Er fand diese Charakteristik in einer Serie der tschechischen, in Deutschland lebenden Fotokünstlerin Jitka Hanzlová. Ein Auszug aus besagter Serie „Forest“ ist nun im Braunschweiger Museum für Photographie zu sehen, das zusammen mit der Städtischen Galerie Wolfsburg eine zweiteilige Ausstellung zum 60. Geburtstag Hanzlovás ausrichtet. Und da Hanzlová ihre Arbeiten immer in Bildfolgen denkt und anlegt, werden in Braunschweig noch „Rokytník“, ihre inzwischen berühmten visuellen Bestandsaufnahmen des Dorfes ihrer Kindheit aus der Perspektive der 1990er- Jahre präsentiert sowie weitere Naturaufnahmen von Pferden, Pflanzen, Insekten. Wolfsburg steuert vorrangig Porträts bei, auch offener gefasst, so als Bewegungsstudien von Pferden.
Um bei John Berger zu bleiben: Er registrierte noch etwas anderes in den Waldbildern Hanzlovás: einen zeit- und gravitationsfreien Raum, ein „Dazwischen“. Denn was ist ein Wald anderes, als das, was zwischen seinen Bäumen existiert?
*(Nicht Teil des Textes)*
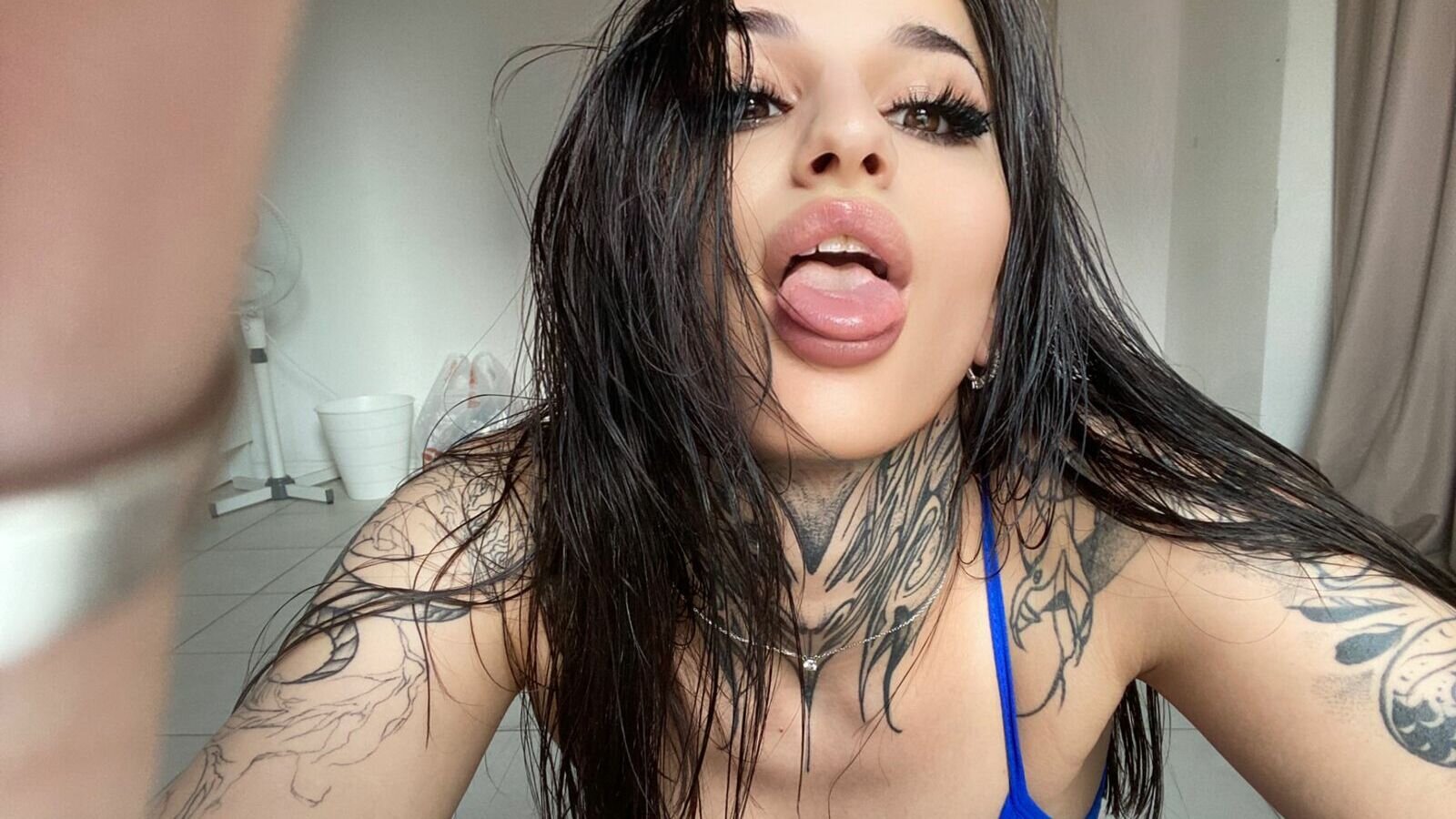 Speak with HannaLessli Live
Vielleicht noch zu physisch gedacht, sah Berger im Wald darüber hinaus einen Ort des Geheimnisvollen, Verborgenen, nicht Greifbaren, das jeder Besucher sofort empfindet, dessen ungeschriebene Zeichen aber vielleicht gerade mal Förster oder Jäger zu entschlüsseln verstehen.
Und ein derartiger Schwebezustand scheint vielen Fotografien und Werkgruppen Hanzlovás innezuwohnen – wie schon der Ausstellungstitel „Between Continuum“ bekunden soll.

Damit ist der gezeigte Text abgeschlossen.